The method I want to apply is this one.

For example, in order to find the inverse function of $f(x)=3x + 4$ , I analyze function $f$ as follows:

x $\rightarrow_{\times3} (3x) \rightarrow_{+4} (3x+4)$

Then, I "undo" function $f$ by following the same path backwards

$x \rightarrow_{-4} (x-4) \rightarrow_{/3} (\frac{x-4}{3})$.

So the inverse function of $f$ is function $g$ such that : $ g(x)= \frac{x-4}{3}$.

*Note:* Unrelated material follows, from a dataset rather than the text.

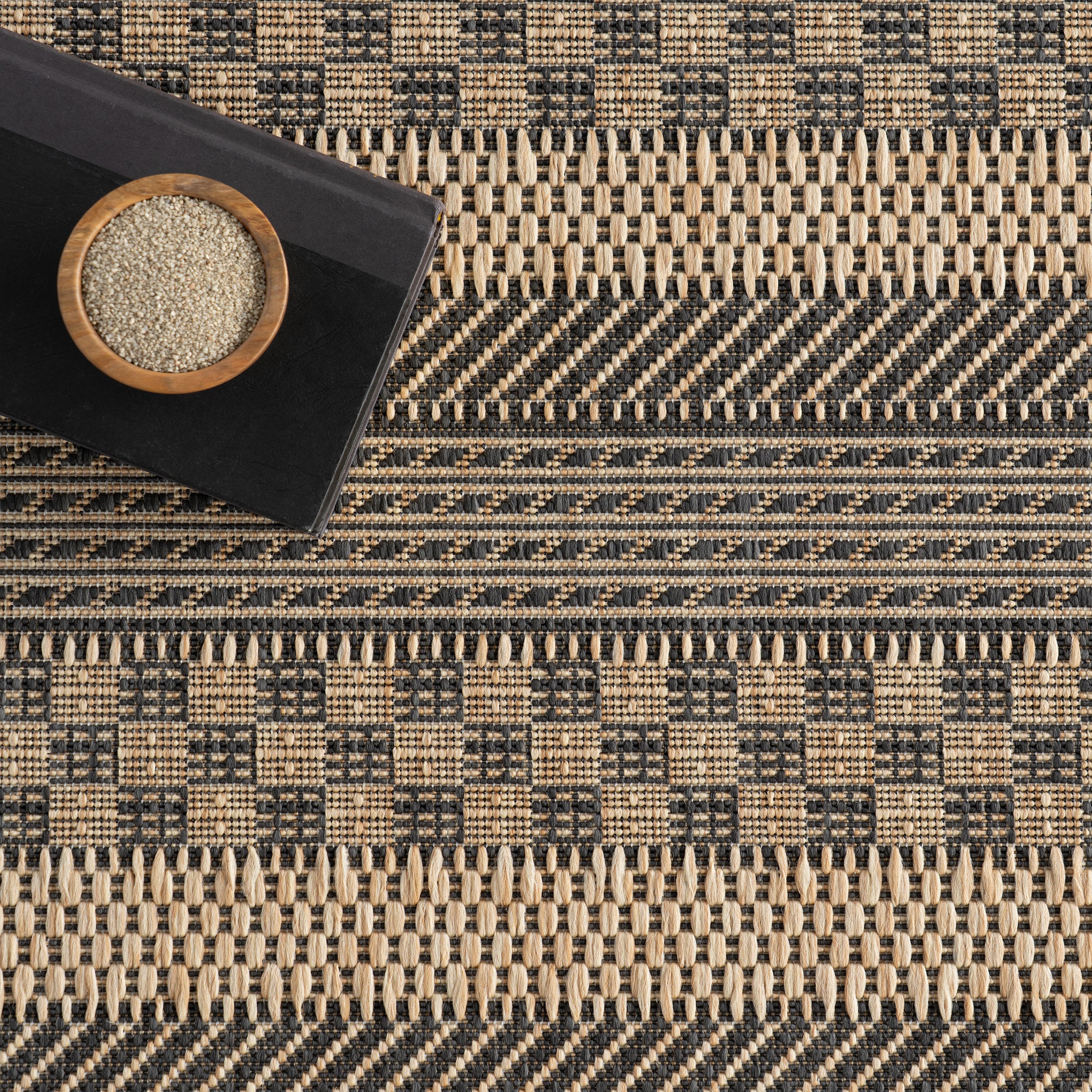 Vail Modern Indoor/Outdoor Area Rug - Image 15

But it seems more difficult to apply this method to a function defined by a rational expression. The reason is that the " path" here is not linear. Is there a way to cope with this difficulty and to adapt the " method" I showed to this kind of function. For example:

$f(x)= \frac {x-1} {x+5}$.

Source : Larson's College Algebra, Section $2.7$, Exercice $23$.

Answer 1

For the given example, if we write $$\frac{x-1}{x+5}=\frac{x+5-6}{x+5}=1-\frac6{x+5}$$ then the way to obtaining the inverse becomes clear. In general obtaining an explicit inverse relation is extremely hard, but for linear-over-linear functions this is very much doable.

Answer 2

Write $y=f(x)$ and solve the equation for $x$.

E.g.

$$y=\frac{x-1}{x+5}\to yx+5y=x-1\to5y+1=x(1-y)\to x=\frac{5y+1}{1-y}.$$

If you have learnt the quadratic equation, you will be able to invert functions like

$$y=\frac{ax^2+bx+c}{dx^2+ex+f}$$ (where some of the coefficients can be zero).